### Work instruction:
Within the material below, locate the line with "Funny Painter Gifts" and the line with "Nutrient management strategies", then return those two lines and all lines between them, exactly as written.
(Beginning of Input for this task)
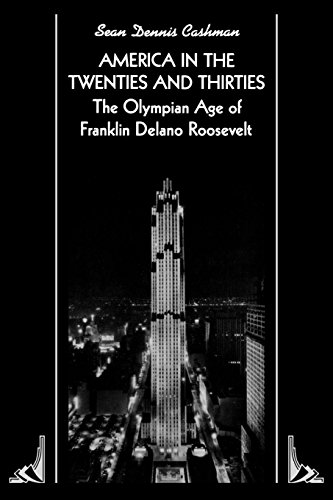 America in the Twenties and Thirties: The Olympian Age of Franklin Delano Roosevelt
(End of Input for this task)
(Beginning of Input for this task)
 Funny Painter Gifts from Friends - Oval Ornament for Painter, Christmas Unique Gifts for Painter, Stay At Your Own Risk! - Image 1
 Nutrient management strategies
(End of Input for this task)
### Response area:
 Funny Painter Gifts from Friends - Oval Ornament for Painter, Christmas Unique Gifts for Painter, Stay At Your Own Risk! - Image 1
 Nutrient management strategies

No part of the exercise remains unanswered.